Vous avez beaucoup de PME aujourd'hui, notamment dans le secteur industriel ou dans le secteur de l'hôtellerie et de la restauration, qui font face à deux difficultés majeures : pénurie de main d'oeuvre et problèmes d'approvisionnement en matières premières.
Nous avons aujourd'hui des contraintes sur les capacités à produire, tout simplement parce que cela redémarre fort en Europe, cela redémarre fort aux Etats-Unis, cela redémarre fort en Chine. Il y a donc des contraintes pour s'approvisionner en matières premières, pour régler ses factures, pour trouver les salariés dont nous avons besoin.

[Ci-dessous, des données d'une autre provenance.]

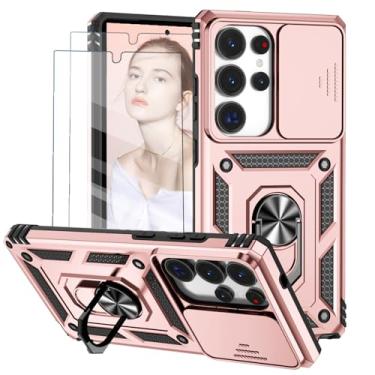 Imagem de Capa para Samsung Galaxy S24 Ultra Capinha | com 2 peças de protetor de tela temperado com janela deslizante da câmera e suporte para telefone incluídos - Rosa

Nous ne trouvons pas de couvreurs, nous avons du mal à recruter dans la restauration, nous avons du mal à retrouver des personnels dans l'hôtellerie. C'est cela les vraies difficultés aujourd'hui d'une grande partie de l'économie française.
Il y a une autre partie qui, elle, a du mal à redémarrer, où les choses sont plus lentes et plus difficiles. Ces entreprises-là ont besoin encore du soutien de l'Etat. C'est le sens du projet de loi de finances rectificative (PLFR) que nous présenterons en conseil des ministres demain avec Olivier Dussopt.
Nous avons maintenu 15,5 milliards d'euros de mesures d'urgence pour soutenir ces entreprises qui continuent à être confrontées à des difficultés. C'est un choix national, c'est aussi un choix européen.
Je rappelle que c'est la conclusion à laquelle sont arrivés tous les ministres des Finances européens la semaine dernière à Lisbonne. Notre stratégie économique commune est claire, nous devons maintenir un soutien à l'activité économique tant que l'économie ne redémarrera pas à 100 %. C'est un choix national, c'est aussi un choix européen.
Pour autant, ce PLFR, je l'ai déjà indiqué, doit marquer la sortie progressive du « quoi qu'il en coûte ». Il faut que les aides qui sont maintenues soient dégressives et adaptées pour sortir du « quoi qu'il en coûte », tout simplement parce qu'une économie qui fonctionne normalement fonctionne sans le soutien des administrations, sans le soutien public. Elle doit pouvoir fonctionner normalement et librement.
Il y a également d'autres entreprises qui, à l'inverse, ont redémarré tellement rapidement qu'elles ont un besoin radicalement inverse, elles ont besoin de fonds propres, elles ont besoin de pouvoir réinvestir très vite. Elles disposent de France Relance et elles disposent des prêts participatifs.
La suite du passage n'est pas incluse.